Currently approved sub-processors:

For US-based sub-processors, transfers are carried out on the basis of the EU–US Data Privacy Framework (DPF) or Standard Contractual Clauses (SCCs).

Article 6. Personal Data Breaches

The Processor shall notify the Controller without undue delay — and in any event no later than 48 hours after becoming aware — of any personal data breach (Article 4(12) GDPR). This window is intentionally shorter than the 72-hour period afforded to controllers, so as to preserve the Controller's ability to meet its own reporting obligation.

The notification shall include at minimum:

• a description of the nature of the breach,
• the categories and approximate number of data subjects and records concerned,
• the likely consequences of the breach,
• measures taken or proposed to address the breach.

Security disclosures and breach reports directed to the Processor should be sent to: contact@clubsystem.app.

The Controller is solely responsible for assessing whether the breach must be reported to the supervisory authority and/or communicated to affected data subjects.

Article 7. Data Subject Rights

The Processor shall promptly forward to the Controller any requests from data subjects made directly to the Processor, and shall not respond to such requests independently without the Controller's authorisation.

The Processor shall provide tools within the Service interface that allow the Controller to fulfil data subject rights, including data export and deletion.

Article 8. Audits and Inspections

The Controller has the right to carry out audits and inspections to verify compliance with this Agreement, no more than once per year and with at least 14 days' prior notice. The cost of the audit is borne by the Controller, unless the audit reveals non-compliance by the Processor.
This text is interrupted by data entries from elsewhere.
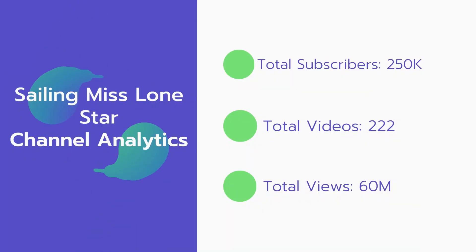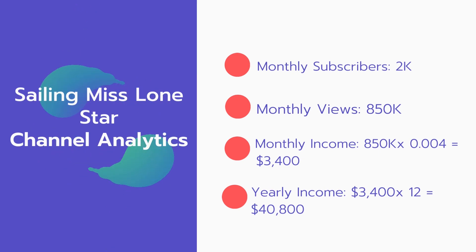Now let's go over this channel's analytics. Total subscribers: 250,000. Total videos: 222 videos. Total views: 60 million. Monthly subscribers: 2,000 every month. Monthly views: 850,000.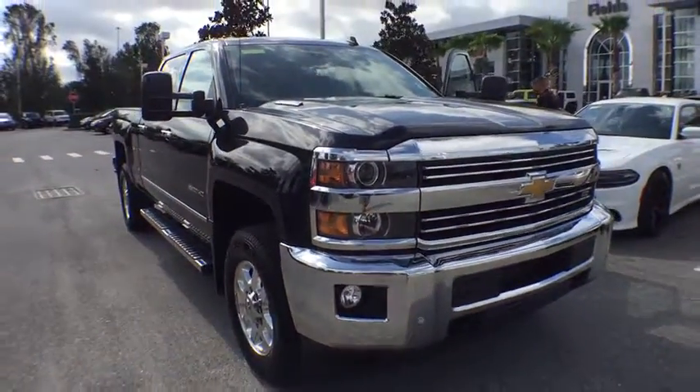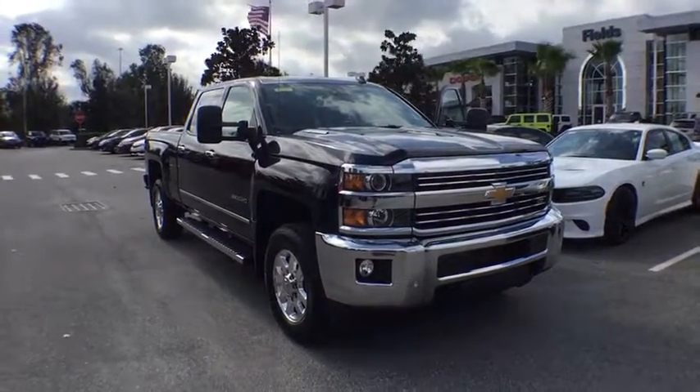This vehicle has less than 95,000 miles. Here are some of this vehicle's great options.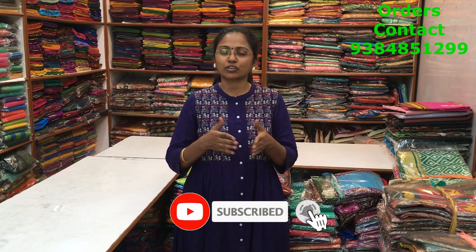To purchase the sarees, take a screenshot and send us to the number 9384851299. Please do subscribe to our channel and click on the bell icon to get regular notifications. Our store is located in Chennai Mandavali — you can walk into our store from morning 10:30 to evening 8:30 PM.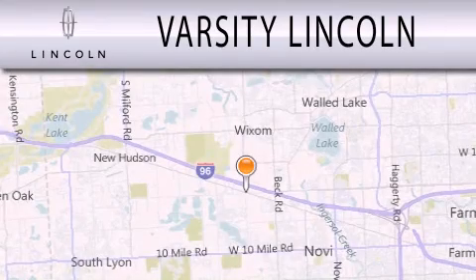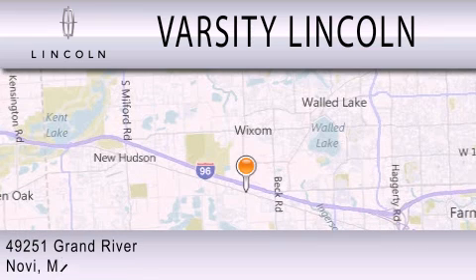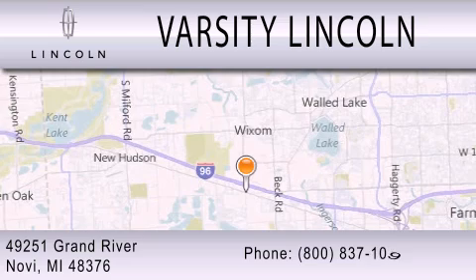Varsity Lincoln is dedicated to doing everything possible to ensure that the experience you have selecting your next vehicle is as pleasant as possible. We are located at 49251 Grand River in Melvi.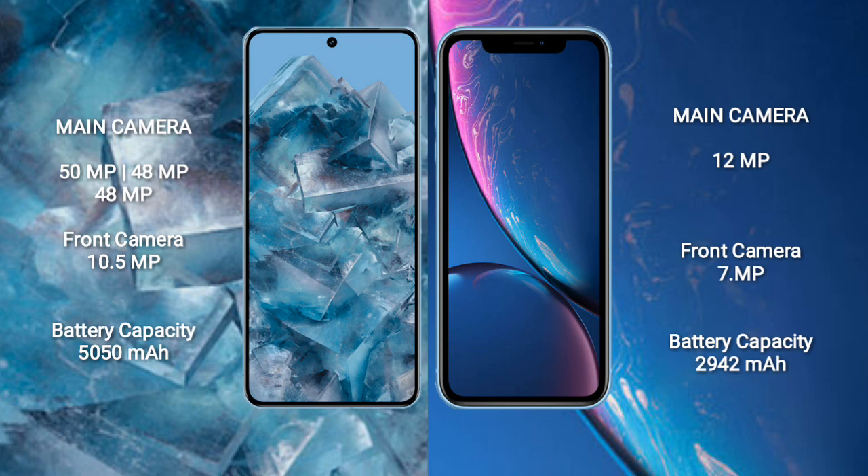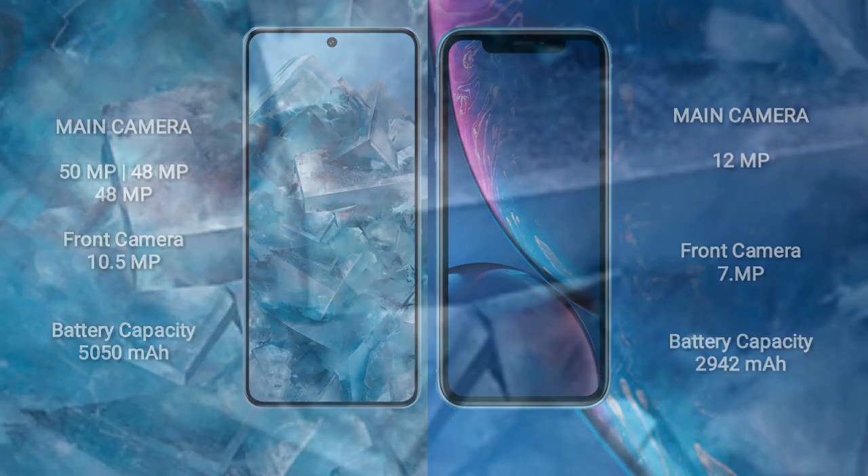Google Pixel 8 Pro has a triple rear camera setup: 50MP + 48MP + 48MP, and a 10.5MP front camera. iPhone XR has a single rear camera of 12MP and a 7MP front camera. Google Pixel 8 Pro packs a 5050mAh battery with 30W fast charging support; iPhone XR has a 2942mAh battery with 15W fast charging support.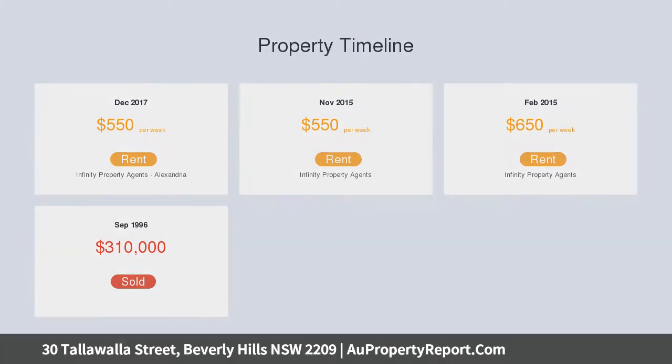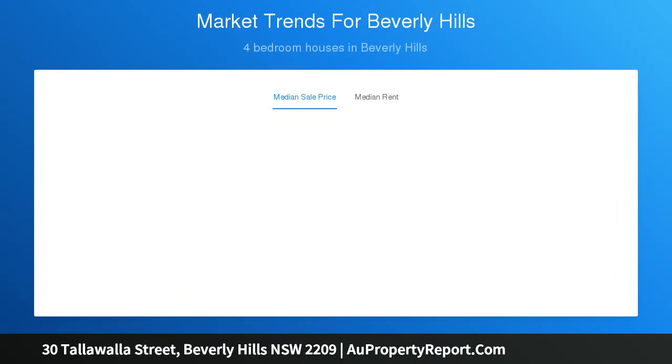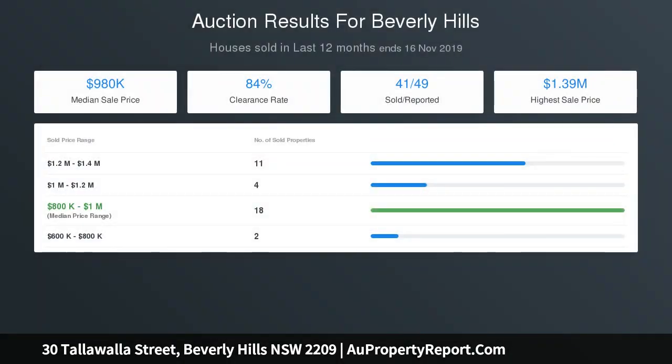Property features: four good-sized bedrooms, combined lounge and dining, large eat-in kitchen, low-maintenance backyard, outdoor undercover alfresco, internal laundry with second toilet, large separate entertaining room with built-in bar, and a sought-after blue ribbon location.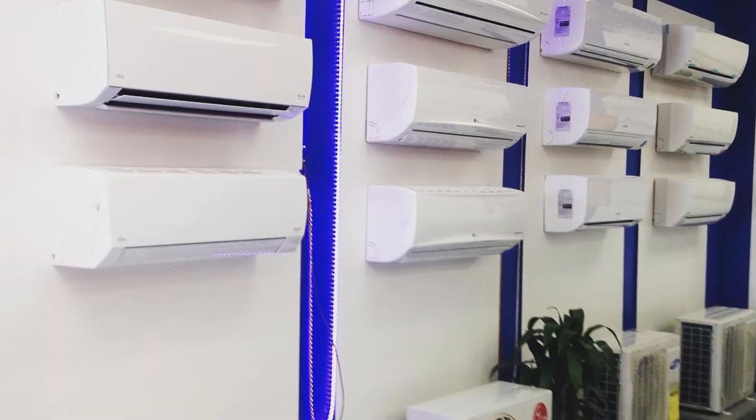For ductless mini splits, we carry the top 12 best brands in the world, including Panasonic, Mitsubishi, Fujitsu, Friedrich, D-Air, Samsung, LG, and Daikin. For comfort and reliability, our installation is second to none.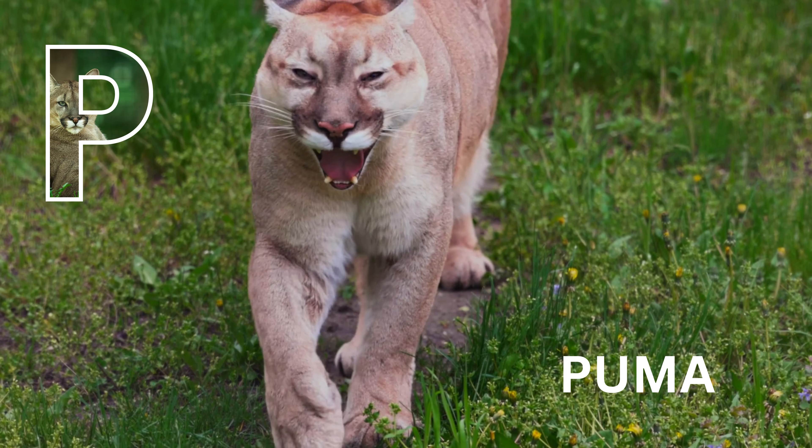P is for python. Python. P is for peacock. Peacock.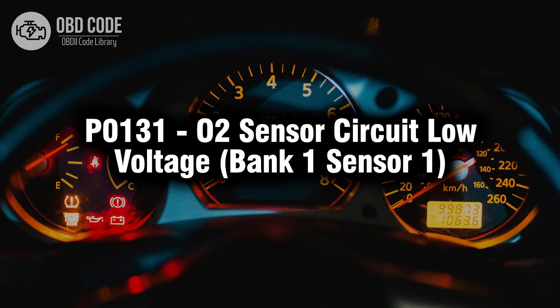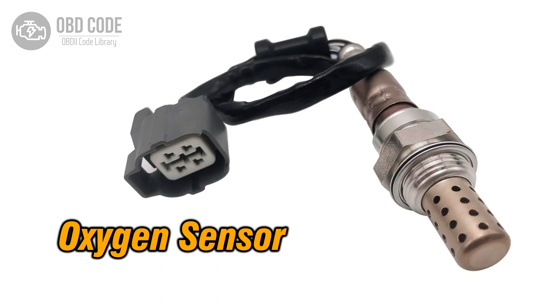Welcome. In this video we will talk about code P0131, its symptoms, causes and possible solutions. The P0131 trouble code indicates that the oxygen (O2) sensor circuit of the bank 1 sensor 1 is experiencing low voltage. This code typically points to issues related to the oxygen sensor responsible for monitoring the oxygen content in the exhaust gas, which affects the engine's fuel delivery and emissions control.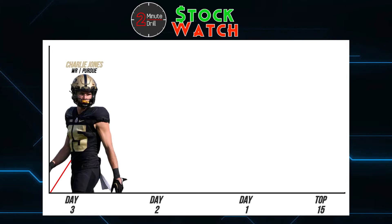First up is Purdue wide receiver Charlie Jones, and Day 3 might be underselling him. After transferring from Iowa, Jones has been O'Connell's go-to target in the passing game and has answered in a big way with 47 receptions, 588 yards, and seven touchdowns on the year to this point — he leads the Big 10 in all three receiving categories. In terms of traits, Jones has a nice release and is able to find space in zone coverage in order to rack up receptions and be a focal point of this Boilermaker offense.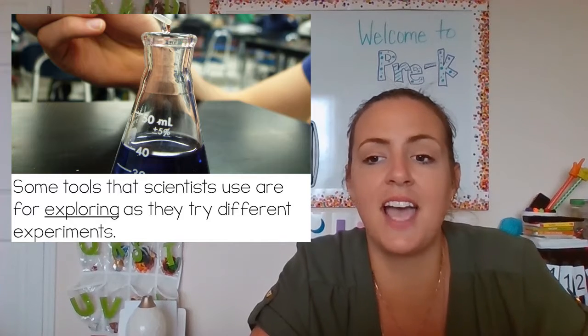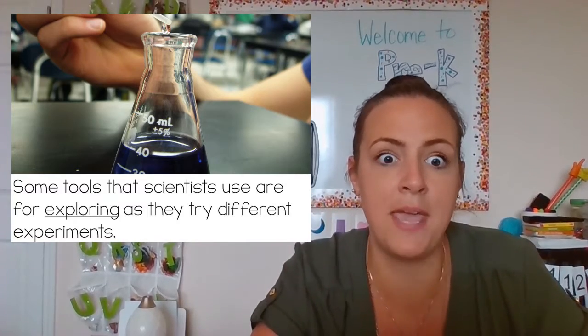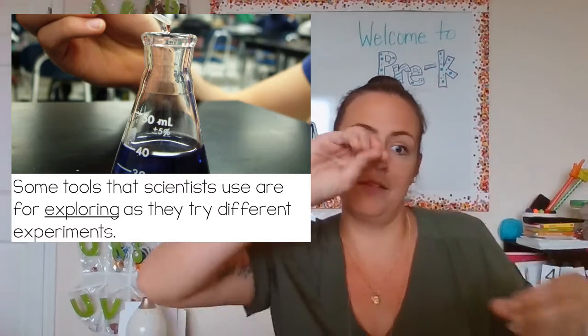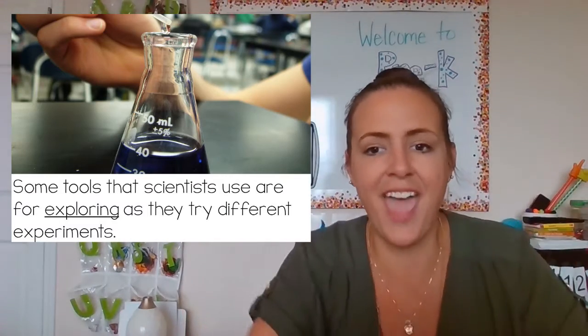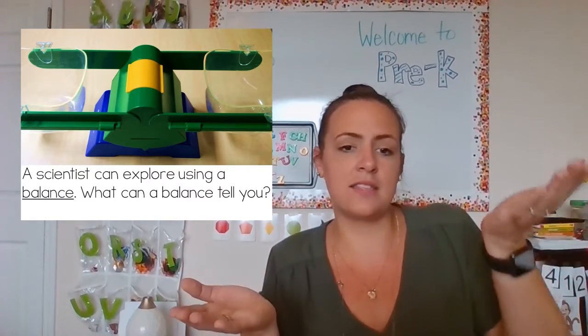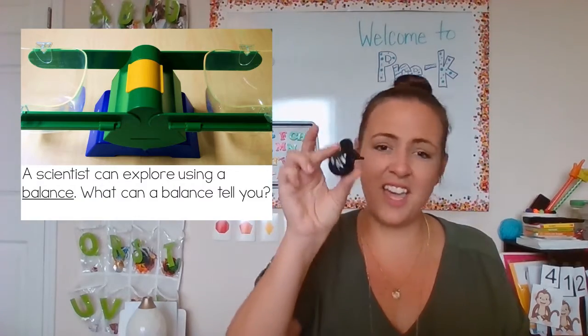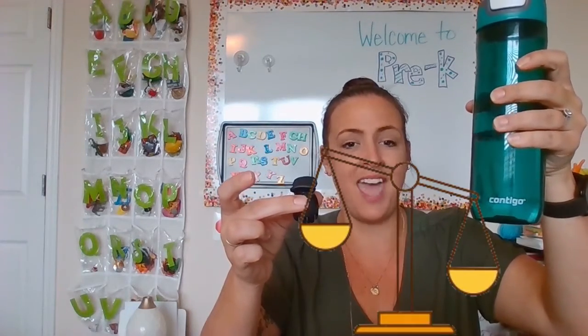Some tools that scientists use are for exploring as they try different experiments. This is called a beaker — scientists might put their chemicals and mixtures in there to see what happens. A scientist can also explore using a balance. A balance tells us which is heavier and which is lighter. If I had a tiny little clip and a heavy water bottle and put them on my scale, the light one would go up and the heavy one would go down. That is what a balance helps us measure.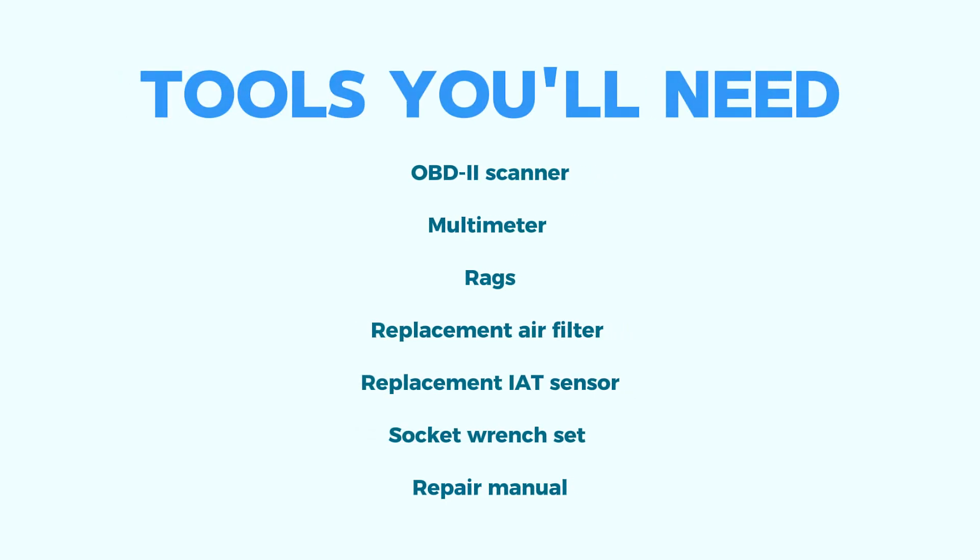Tools you'll need: an OBD-II scanner — most auto parts stores sell them. A multimeter, optional but helpful. Rags. A replacement air filter, depending on diagnosis. A replacement IAT sensor, depending on diagnosis. A socket wrench set, depending on your car. And a repair manual — consult your car's specific manual for the location of parts.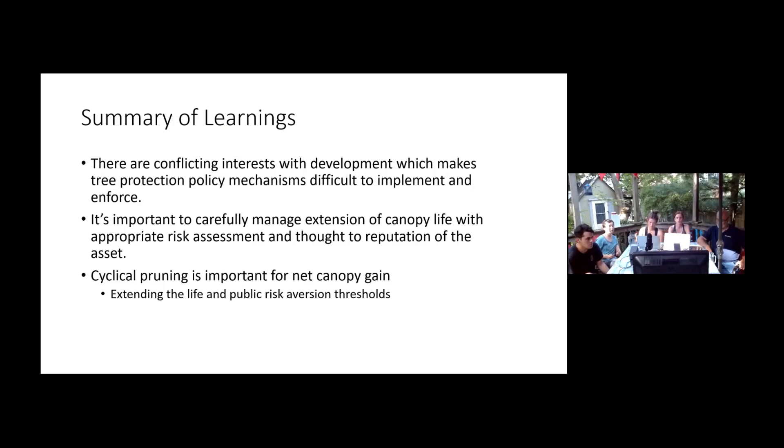To summarize our findings: there are conflicting interests with development which makes tree protection policy mechanisms difficult to implement and enforce. It's important to carefully manage extension of canopy life with appropriate risk assessment and thought to the reputation of the asset. The reputation of the asset is very important — we want the public to perceive trees in as positive a light as possible so we can achieve a bigger budget. Cyclical pruning is also important for net canopy gain, even though there is some deletion from the canopy.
Article 9. Return or Deletion of Data upon Termination

Upon termination of the Service agreement, the Controller has 30 days to choose between downloading all data (CSV/JSON export via the administration panel) or requesting immediate secure deletion. If no written instruction is received within this period, the Processor shall proceed with deletion.

After the 30-day period, the Processor shall irrevocably delete all data belonging to the Controller and its customers — including copies held by sub-processors — unless retention is required by applicable law. The Processor shall confirm deletion in writing within 14 days upon request.

Article 10. Liability

The Processor shall be liable for damage caused by processing only where it has not complied with obligations under GDPR or this Agreement, or where it has acted outside or contrary to the Controller's documented instructions.

Liability for indirect or consequential losses (including loss of profits) is excluded between the parties, except in cases of wilful misconduct or gross negligence. The Processor's total aggregate liability is limited to the net fees paid by the Controller in the 12 months preceding the damaging event.

These limitations do not apply to liability under GDPR Article 82 towards data subjects, or to liability that cannot be excluded under mandatory applicable law.

Article 11. Final Provisions

This Agreement is governed by Polish law. Matters not regulated herein shall be governed by the Polish Civil Code and applicable data protection legislation, including GDPR and the Polish Act on the Protection of Personal Data of 10 May 2018. Any disputes shall be subject to the jurisdiction of the courts of Wrocław, Poland.

Amendments require written or electronic form, except for updates to the sub-processor list (Art. 5), which the Processor may make unilaterally with the required notice period.

Polish version of this Agreement is available at /pl/umowa-powierzenia/.